What is required | Copy out the listing that follows, exactly, without its pictures.

Record excerpts |
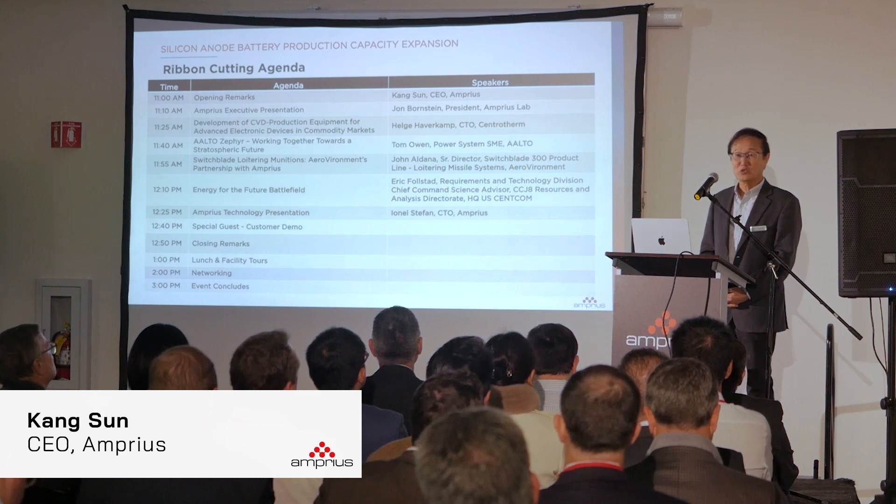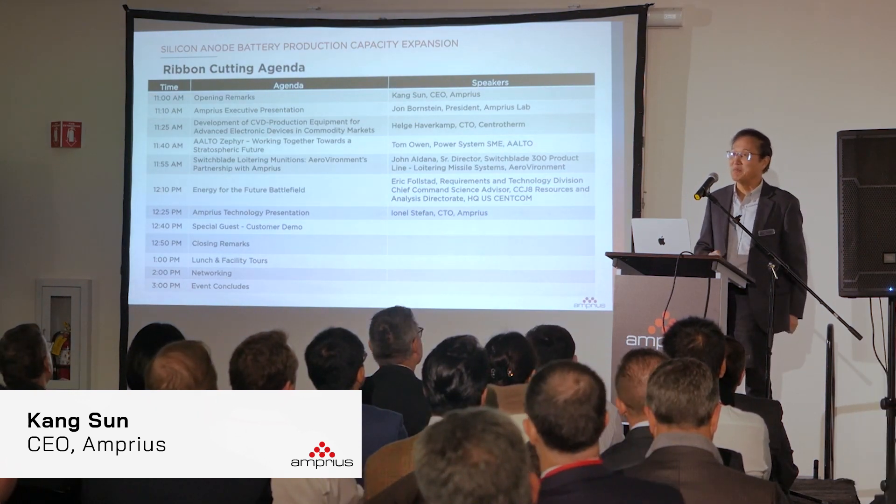Good morning. It's a great pleasure to welcome you to Ampris, and thank you for joining us to celebrate this very important milestone of our business.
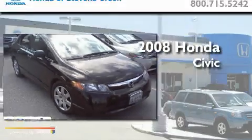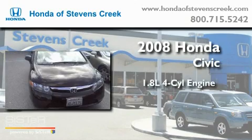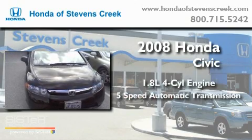This is a 2008 Honda Civic. It has a 1.8-liter four-cylinder engine and a five-speed automatic transmission.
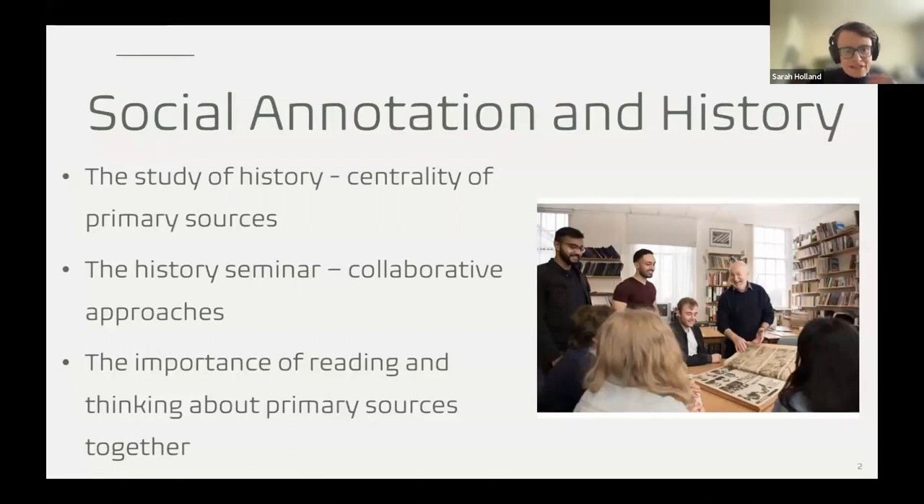Thinking about this in a disciplinary context, the key point is the central role that primary sources and primary source analysis play in the study of history. That could be objects, images, or more traditional documentary sources whether printed or handwritten — these are at the centre of historical research and significantly the approaches to teaching and learning in history as well.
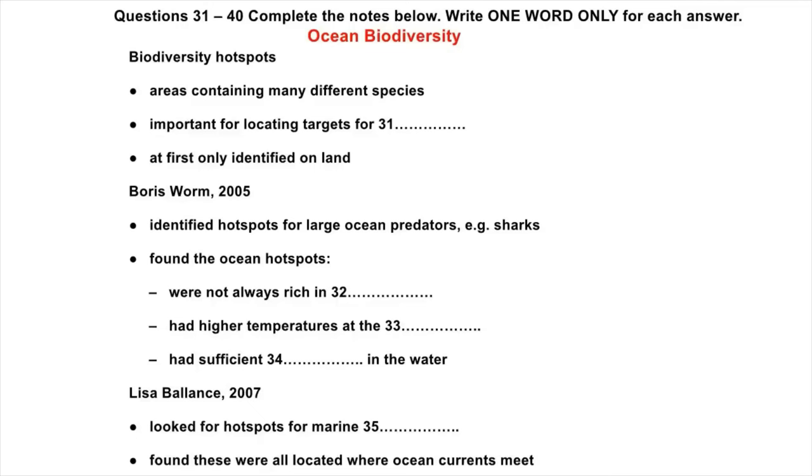However, this wasn't enough on its own, because he also found that the water needed to have enough oxygen in it. So these two factors — surface temperature and oxygen levels — seemed necessary to support the high metabolic rate of these large fish.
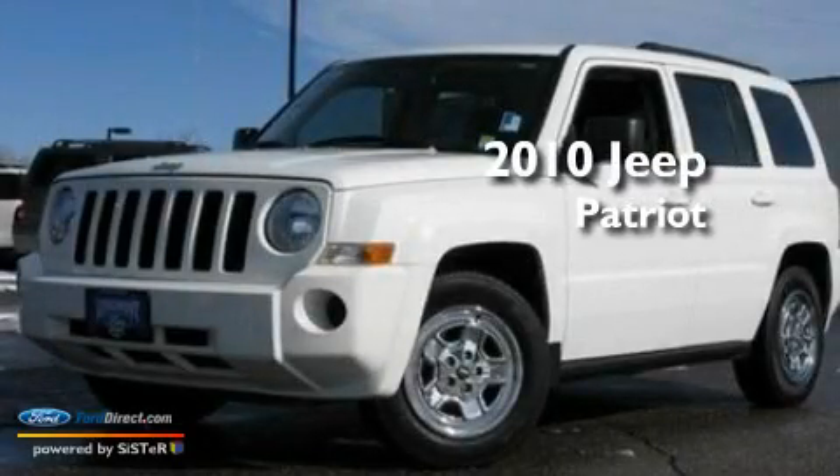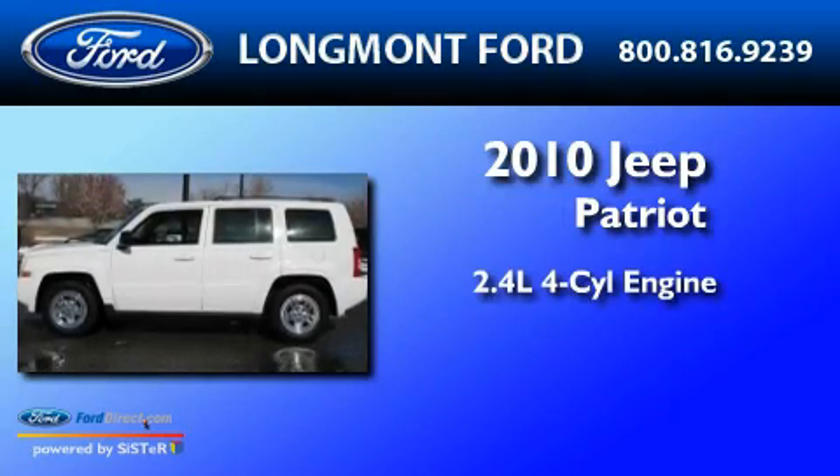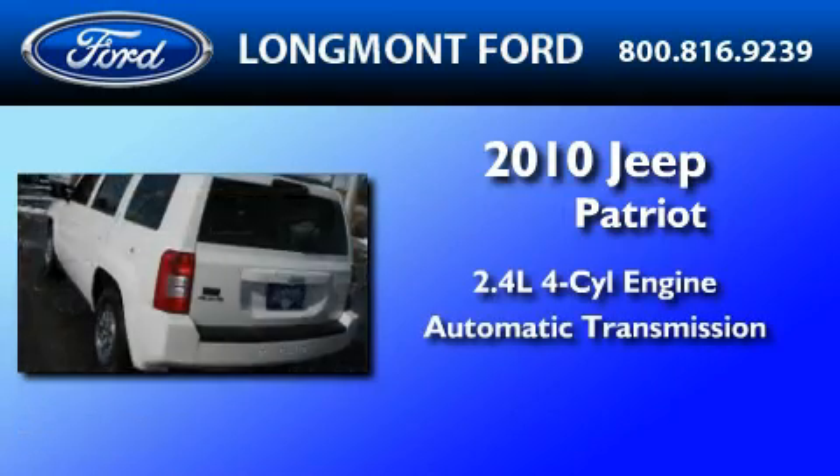This is a 2010 Jeep Patriot. It features a 2.4-liter four-cylinder engine, an automatic transmission, and four-wheel drive.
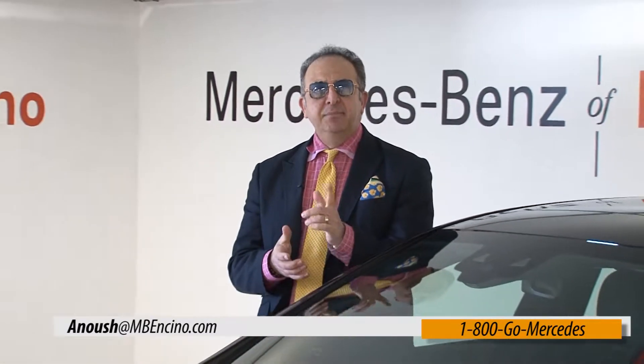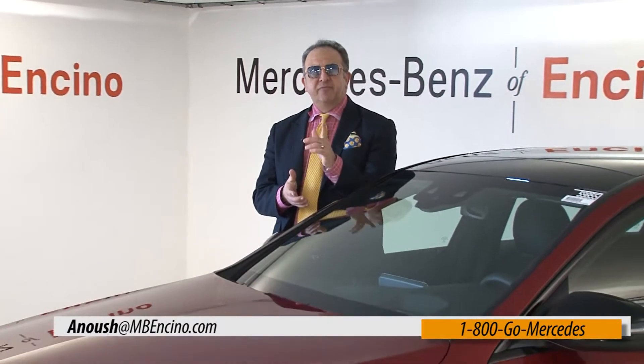We look forward to seeing you at Mercedes-Benz of Encino, mvencino.com on Ventura Boulevard.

Exercise result |
Good morning. It's a great pleasure to welcome you to Ampris, and thank you for joining us to celebrate this very important milestone of our business.
This is a 2008 Honda Civic. It has a 1.8-liter four-cylinder engine and a five-speed automatic transmission.
Thinking about this in a disciplinary context, the key point is the central role that primary sources and primary source analysis play in the study of history. That could be objects, images, or more traditional documentary sources whether printed or handwritten — these are at the centre of historical research and significantly the approaches to teaching and learning in history as well.
However, this wasn't enough on its own, because he also found that the water needed to have enough oxygen in it. So these two factors — surface temperature and oxygen levels — seemed necessary to support the high metabolic rate of these large fish.
This is a 2010 Jeep Patriot. It features a 2.4-liter four-cylinder engine, an automatic transmission, and four-wheel drive.
We look forward to seeing you at Mercedes-Benz of Encino, mvencino.com on Ventura Boulevard.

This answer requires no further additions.